2.5 High correlation between the precision of inter-chain contact predictions and predicted probability scores
The previous work on the intra-chain distance prediction (Guo, et al., 2021) shows that the intra-chain distance prediction accuracy and predicted probability scores have a strong correlation, which can be used to select predicted intra-chain distance maps. Here, we investigate if the similar correlation exists in the inter-chain distance prediction. Figure 5 is a plot of the precision of top L/5 inter-chain contact predictions and the average of their probability scores for each target in the four test datasets. The correlation between the top L/5 inter-chain contact precision and the average predicted probability score is 0.7345. The high correlation suggests that the probability of inter-chain contacts predicted by CDPred can be used to estimate the confidence of the inter-chain prediction.

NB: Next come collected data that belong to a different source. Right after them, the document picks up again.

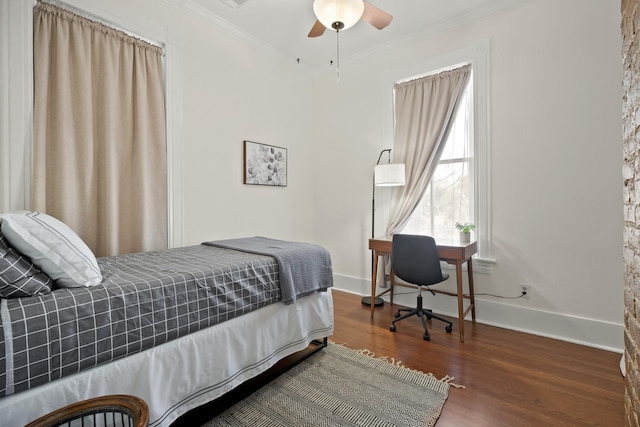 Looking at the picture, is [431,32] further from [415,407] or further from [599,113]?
[415,407]

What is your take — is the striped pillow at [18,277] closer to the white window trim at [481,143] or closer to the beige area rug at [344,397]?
the beige area rug at [344,397]

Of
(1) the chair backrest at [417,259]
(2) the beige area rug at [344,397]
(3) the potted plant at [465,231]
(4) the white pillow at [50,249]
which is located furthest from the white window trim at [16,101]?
(3) the potted plant at [465,231]

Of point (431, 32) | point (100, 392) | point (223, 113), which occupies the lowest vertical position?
point (100, 392)

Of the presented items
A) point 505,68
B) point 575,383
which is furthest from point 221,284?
point 505,68

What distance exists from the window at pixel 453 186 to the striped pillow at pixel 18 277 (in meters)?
3.09

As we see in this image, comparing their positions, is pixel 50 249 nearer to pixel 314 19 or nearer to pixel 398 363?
pixel 398 363

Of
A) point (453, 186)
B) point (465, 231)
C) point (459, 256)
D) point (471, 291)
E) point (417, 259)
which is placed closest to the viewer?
point (459, 256)

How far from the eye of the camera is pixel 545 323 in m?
2.61

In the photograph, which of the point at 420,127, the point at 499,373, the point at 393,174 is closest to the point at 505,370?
the point at 499,373

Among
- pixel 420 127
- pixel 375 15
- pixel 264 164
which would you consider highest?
pixel 375 15

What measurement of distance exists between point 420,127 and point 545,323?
2173 millimetres

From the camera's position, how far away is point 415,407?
169 centimetres

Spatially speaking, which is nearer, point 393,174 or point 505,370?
point 505,370

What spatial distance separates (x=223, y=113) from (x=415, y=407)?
298 cm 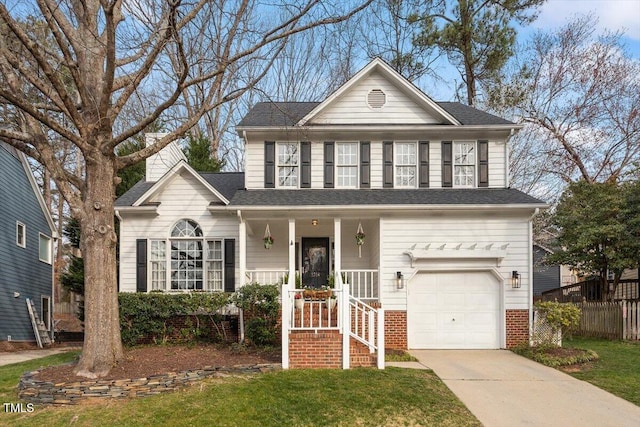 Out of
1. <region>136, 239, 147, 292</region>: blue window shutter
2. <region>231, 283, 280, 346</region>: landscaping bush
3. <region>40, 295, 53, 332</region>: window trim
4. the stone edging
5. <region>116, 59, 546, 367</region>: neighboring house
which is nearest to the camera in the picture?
the stone edging

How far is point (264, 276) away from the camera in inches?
518

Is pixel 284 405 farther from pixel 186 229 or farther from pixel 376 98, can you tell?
pixel 376 98

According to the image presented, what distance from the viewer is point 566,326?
1144 centimetres

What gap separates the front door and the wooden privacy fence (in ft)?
27.7

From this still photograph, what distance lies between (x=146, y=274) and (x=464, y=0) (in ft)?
63.6

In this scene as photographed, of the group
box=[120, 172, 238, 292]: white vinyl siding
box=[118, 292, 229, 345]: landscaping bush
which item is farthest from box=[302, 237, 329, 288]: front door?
box=[118, 292, 229, 345]: landscaping bush

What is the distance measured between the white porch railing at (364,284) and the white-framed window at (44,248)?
43.6 ft

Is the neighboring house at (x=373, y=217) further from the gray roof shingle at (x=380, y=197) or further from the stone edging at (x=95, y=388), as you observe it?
the stone edging at (x=95, y=388)

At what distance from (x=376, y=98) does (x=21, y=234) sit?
13.5m

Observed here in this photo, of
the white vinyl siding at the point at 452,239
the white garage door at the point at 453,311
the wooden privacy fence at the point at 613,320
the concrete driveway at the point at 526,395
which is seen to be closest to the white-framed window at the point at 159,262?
the white vinyl siding at the point at 452,239

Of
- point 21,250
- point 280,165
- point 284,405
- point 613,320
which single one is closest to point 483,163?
point 280,165

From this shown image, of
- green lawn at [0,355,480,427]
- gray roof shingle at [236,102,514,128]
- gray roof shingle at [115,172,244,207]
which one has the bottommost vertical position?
green lawn at [0,355,480,427]

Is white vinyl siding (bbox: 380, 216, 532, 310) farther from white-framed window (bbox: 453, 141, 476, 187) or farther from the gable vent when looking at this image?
the gable vent

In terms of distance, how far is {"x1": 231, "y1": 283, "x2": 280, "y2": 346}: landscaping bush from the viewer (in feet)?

2.6 An interesting inter-chain distance prediction example
Typically, when the MSA is shallow, the precision of inter-chain distance prediction is low due to the lack of information. However, CDPred still can accurately predict inter-chain distance for some targets with shallow MSAs. Figure 6 shows such a CASP13 homodimer target T0991. Its MSA has only one sequence. The TM-score (Zhang and Skolnick, 2004) of the tertiary structure of the monomer of T10991 predicted by AlphaFold2 is 0.3104, indicating the predicted tertiary structure fold is not correct. However, the precision of top L/10, top L/5, and top L/2 inter-chain contacts derived from the distance map predicted by CDPred is 72.73%, 68.18%, and 56.36%, respectively, which is high. Figure 6a and 6b show the intra-chain distance maps of the AlphaFold predicted tertiary structure and the true tertiary structure of the monomer, Figure 6c shows the inter-chain contact map predicted by CDPred, and Figure 6d the true inter-chain contact map. The predicted inter-chain contact map accurately recalls a large portion of the true inter-chain contacts.